I will publish the files at some point such that you can print them yourself or use any print-on-demand commercial service to have the part printed and sent to you.

I don't think I have the skills to produce wooden doors like that, perhaps my friend could... but ideally it would be best to get original doors straight from Ryan. This is also why I was disappointed when he told me he scrapped all the old doors when he switched to the new width...

By the way this new width will be problematic, as I can only test on the old one. I will need one of you to measure it as well as the edge radius on a recent Zion model. We will likely end up with two sets of files.
 

KeroZen

Chronic vapaholic
Building the Prototype Adapter - 2 The Ugly Kid
This part will be full of "do as I say, not as I did!", because that's what prototypes are for isn't it? And as you will see... well, don't be too critical! :p

I forgot to take a picture of the naked 3DP part, but it's quite basic at the moment: a replica of the Zion door, one profiled wall to grab on the bottom copper contacts of the device, and a top profiled wall to hold our own contacts in place, just in front of the Zion springy ones.
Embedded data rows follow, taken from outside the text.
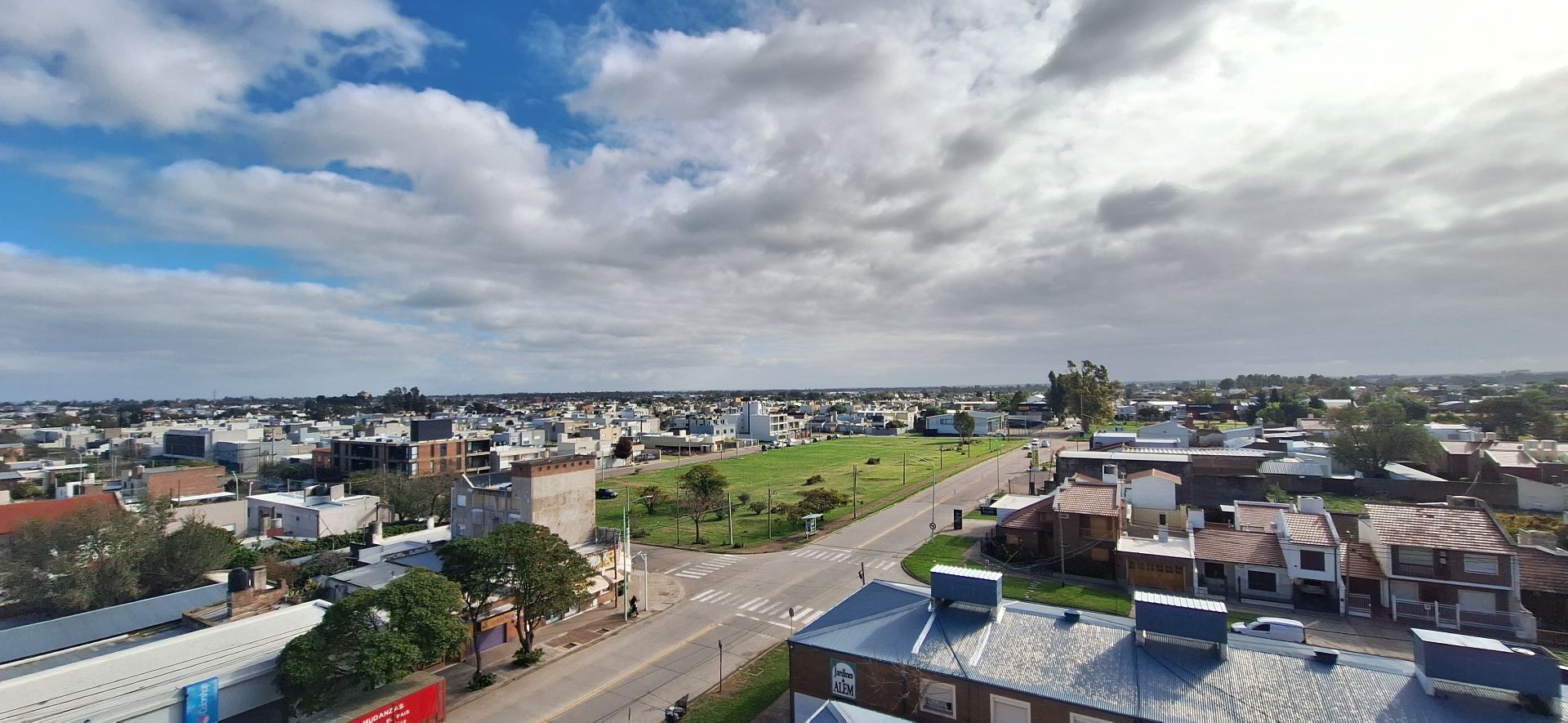 Departamento en Venta en Av Alem 2300, Villa del Parque, Bahía Blanca - Bahía Blanca Propiedades | SITIO OFICIAL l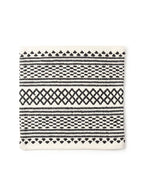 Premium Handloom Cotton Pillow Cover for Living Room and Bedroom Decor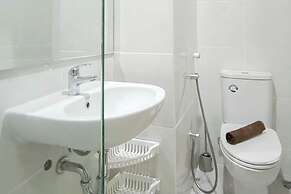 Basic Studio At Apartment Delft Ciputra Makassar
It was printed with PET, the same plastic as in clear water bottles. For no particular reason, just because that's what my friend was testing at the moment and it was loaded in the printer already. The crystalline aspect is not the best match with the Zion wood, I must confess... but otherwise the material has nice properties so it seems.

For the contacts I took two long 5mm diameter screws with flat tips. I have strictly no idea how much it makes in your savage imperial units, but we'll have to sort it out at some point if we want the files to be compatible with what you have (note that currently the idea is to print holes too small on purpose and have the final user enlarge them to the right size by screwing in the actual screws)

irRo6yF.png


I'll give you the required length later, but this can be compensated and/or adjusted in the next step to accommodate what you are using. But first you need to use a file to flatten and smooth the tips of the two screws to improve the contact surface.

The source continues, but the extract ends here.